Short web captions:
____________
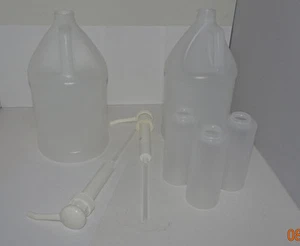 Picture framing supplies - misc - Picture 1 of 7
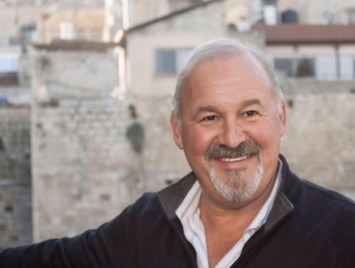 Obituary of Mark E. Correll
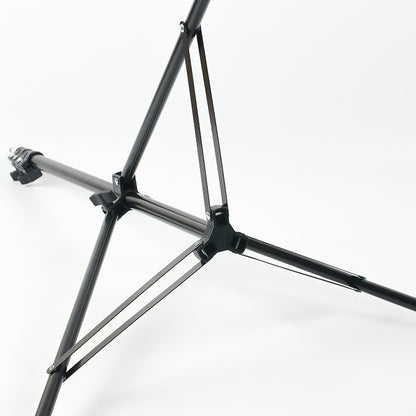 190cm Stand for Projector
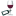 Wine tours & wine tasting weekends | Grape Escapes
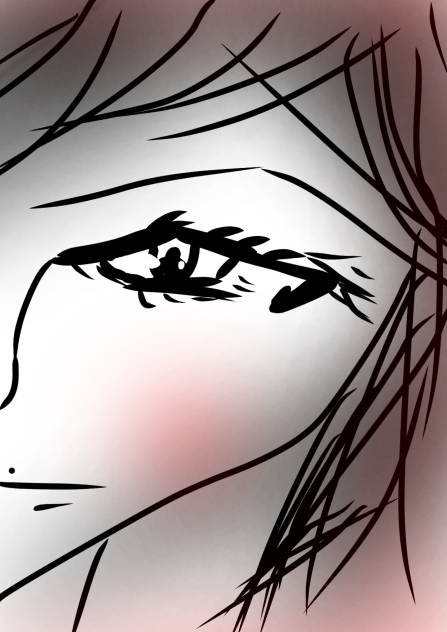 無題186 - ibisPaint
____________
◆ **What is expected**:
Repeat the data exactly as given. Keep every picture out of the copy.

◆ **Exercise solution**:
 Picture framing supplies - misc - Picture 1 of 7
 Obituary of Mark E. Correll
 190cm Stand for Projector
 Wine tours & wine tasting weekends | Grape Escapes
 無題186 - ibisPaint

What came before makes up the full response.